This week we are reading through Ephesians 5. This chapter should be one of the more challenging chapters in Scripture. Paul spends the first half of Ephesians emphasizing that “for by grace you have been saved through faith; and this is not your own doing, it is a gift of God – not because of works lest any man should boast.” Eph. 2:8-9. It is God through Christ who saves us by abolishing the law. Eph. 2:15. For Christ does not weigh our merits but pardons our offenses. 1979 BCP 336.
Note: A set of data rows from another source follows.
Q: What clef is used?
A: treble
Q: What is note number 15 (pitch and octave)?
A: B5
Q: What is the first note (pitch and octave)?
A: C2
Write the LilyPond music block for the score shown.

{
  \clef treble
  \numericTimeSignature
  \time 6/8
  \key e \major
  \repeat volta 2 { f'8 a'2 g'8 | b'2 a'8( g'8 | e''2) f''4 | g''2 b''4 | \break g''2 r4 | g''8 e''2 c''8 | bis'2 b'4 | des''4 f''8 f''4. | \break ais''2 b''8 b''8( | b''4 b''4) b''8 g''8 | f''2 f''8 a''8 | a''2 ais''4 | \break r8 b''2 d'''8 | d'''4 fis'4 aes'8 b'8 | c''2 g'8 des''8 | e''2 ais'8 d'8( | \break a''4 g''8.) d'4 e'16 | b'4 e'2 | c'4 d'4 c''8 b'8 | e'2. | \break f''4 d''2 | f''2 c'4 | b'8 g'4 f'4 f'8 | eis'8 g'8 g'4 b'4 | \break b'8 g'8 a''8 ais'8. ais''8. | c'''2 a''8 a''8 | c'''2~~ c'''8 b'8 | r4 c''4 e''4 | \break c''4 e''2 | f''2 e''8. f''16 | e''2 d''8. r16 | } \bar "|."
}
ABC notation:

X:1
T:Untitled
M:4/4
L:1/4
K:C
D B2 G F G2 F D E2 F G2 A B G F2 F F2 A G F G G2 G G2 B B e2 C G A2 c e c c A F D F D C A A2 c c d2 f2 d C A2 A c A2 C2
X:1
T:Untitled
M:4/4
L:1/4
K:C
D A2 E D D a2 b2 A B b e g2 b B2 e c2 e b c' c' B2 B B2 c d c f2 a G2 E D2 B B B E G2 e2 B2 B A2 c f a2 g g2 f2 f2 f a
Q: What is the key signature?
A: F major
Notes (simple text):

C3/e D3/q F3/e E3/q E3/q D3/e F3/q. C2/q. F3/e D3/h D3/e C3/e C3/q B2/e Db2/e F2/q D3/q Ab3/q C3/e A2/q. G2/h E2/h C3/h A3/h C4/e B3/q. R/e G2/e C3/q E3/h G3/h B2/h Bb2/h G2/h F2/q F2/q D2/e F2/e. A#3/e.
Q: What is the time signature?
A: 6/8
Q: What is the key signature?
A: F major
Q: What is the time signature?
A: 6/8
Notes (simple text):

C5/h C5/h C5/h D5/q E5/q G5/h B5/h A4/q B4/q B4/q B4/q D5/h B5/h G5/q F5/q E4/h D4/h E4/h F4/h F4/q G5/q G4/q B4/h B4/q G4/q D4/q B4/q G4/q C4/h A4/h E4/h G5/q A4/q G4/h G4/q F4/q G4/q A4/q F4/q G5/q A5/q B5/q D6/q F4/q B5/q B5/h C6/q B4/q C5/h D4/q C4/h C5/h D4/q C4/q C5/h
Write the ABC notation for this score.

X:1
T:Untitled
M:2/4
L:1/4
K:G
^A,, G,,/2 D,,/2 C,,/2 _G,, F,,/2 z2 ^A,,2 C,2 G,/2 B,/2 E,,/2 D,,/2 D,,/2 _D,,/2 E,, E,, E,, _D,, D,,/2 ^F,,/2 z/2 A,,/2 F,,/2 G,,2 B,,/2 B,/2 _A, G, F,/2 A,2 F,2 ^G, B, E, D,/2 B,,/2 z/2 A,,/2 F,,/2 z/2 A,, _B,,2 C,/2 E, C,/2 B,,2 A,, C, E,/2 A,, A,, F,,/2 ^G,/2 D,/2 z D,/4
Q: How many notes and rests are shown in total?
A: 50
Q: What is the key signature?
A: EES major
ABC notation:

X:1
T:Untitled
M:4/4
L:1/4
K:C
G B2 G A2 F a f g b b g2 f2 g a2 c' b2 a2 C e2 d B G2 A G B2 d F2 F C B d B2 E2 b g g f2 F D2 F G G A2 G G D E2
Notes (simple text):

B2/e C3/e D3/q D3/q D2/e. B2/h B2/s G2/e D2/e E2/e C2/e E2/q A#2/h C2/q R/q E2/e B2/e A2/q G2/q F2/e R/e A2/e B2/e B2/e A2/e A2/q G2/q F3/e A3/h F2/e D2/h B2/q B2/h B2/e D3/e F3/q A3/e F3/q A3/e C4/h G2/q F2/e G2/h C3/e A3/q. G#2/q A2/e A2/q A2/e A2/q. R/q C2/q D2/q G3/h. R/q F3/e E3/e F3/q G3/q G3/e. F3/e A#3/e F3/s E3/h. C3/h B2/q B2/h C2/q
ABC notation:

In Chapter 5, however, Paul seems to backtrack. Paul writes “Let there be no filthiness, nor jesting, nor levity . . . be sure of this that no sexually impure person or one who is covetous (i.e. an idolater) has any inheritance in the kingdom of Christ and of God.” Paul appears, after abolishing the old law, to set a new set of criteria which we must meet to insure our salvation. It appears we are now back under a law trying to define what is “sexual immorality” (think Bill Clinton) or determining how off-color does the joke have to be to condemn us (think Paula Dean). The question we need to struggle with is how to reconcile chapters 2 and 5 without becoming like the lawyers who “load people with burdens hard to bear, and that they themselves do not touch the burdens with one of their fingers.” Luke 11:46. In struggling with and working out this seeming contradiction, also read Luke 18:18-27 and Romans 7:16 – 8:8.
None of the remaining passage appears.